Reabrir agora "seria um absurdo"
A médica sanitarista Tereza Lyra, pesquisadora da Fundação Oswaldo Cruz (Fiocruz) e professora da Universidade de Pernambuco (UPE), discorda frontalmente da proposta do empresário. “Reabrir o comércio nesse momento seria absurdo. E com a rede de saúde sobrecarregada, significa ampliar a disseminação nessas comunidades e aumentar a mortalidade”, diz ela, lembrando o número de mortes diárias no estado e o momento de chegada do vírus nas periferias. “Propondo abrir o comércio onde a população é mais vulnerável”, afirma, incrédula.

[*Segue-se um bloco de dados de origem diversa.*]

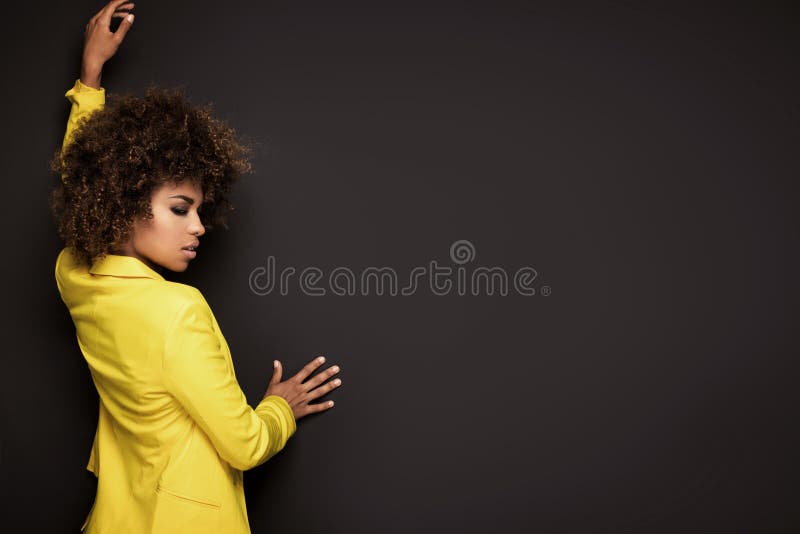Girl with afro hairstyle posing in yellow jacket. stock image Girl with afro hairstyle posing in yellow jacket. stock image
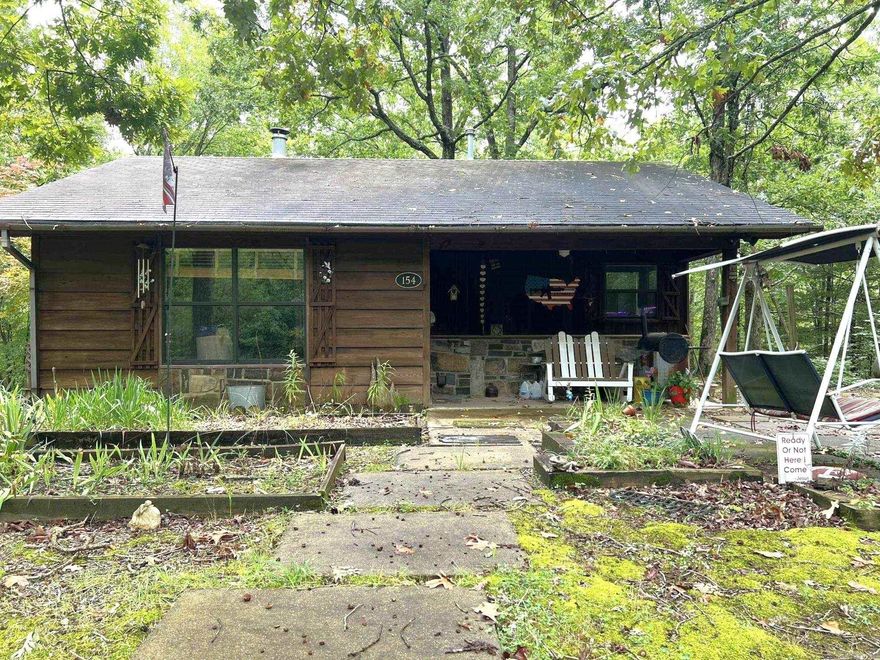 Looking for an adorable cabin in the woods, with National Forest Boundaries? This is it! 2 bedroom, 1 bath, 786 square foot cabin situated on 2.48, newly surveyed, rolling acres. The wooden ceiling throughout home creates warmth and beauty . Cozy up to the wood burning stove in the living area during the winter months. Hop onto your atv and go for a ride in Wolfpen Gap or just minutes drive to the new bike trails on Rich Mt. Do not wait! This will not last long! Secure your piece of the Ouachita Mountains. Agents please see showing remarks.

Na opinião da pesquisadora Tereza Lyra, a Fecomércio deveria usar sua influência e articulações nacionais para cobrar Brasília por medidas efetivas. “Poderiam pressionar o Governo Federal para liberar crédito para os pequenos comerciantes. A postura deveria ser a de repúdio a essa dificuldade de acessar o auxílio, situação que tem exposto a população a uma profunda humilhação de ficar em filas, se contaminando, porque precisam do auxílio”, critica Tereza Lyra. Ela concorda com a proposta da entidade empresarial apenas num ponto: a necessidade de regulamentação daquilo que é serviço essencial. “Uma feira pública é essencial? Se sim, eu tenho que estabelecer regras de funcionamento dessa feira, se na entrada vai haver higienização, quantidade de clientes por barraca. O mesmo deve haver para supermercados, farmácias”, destacou.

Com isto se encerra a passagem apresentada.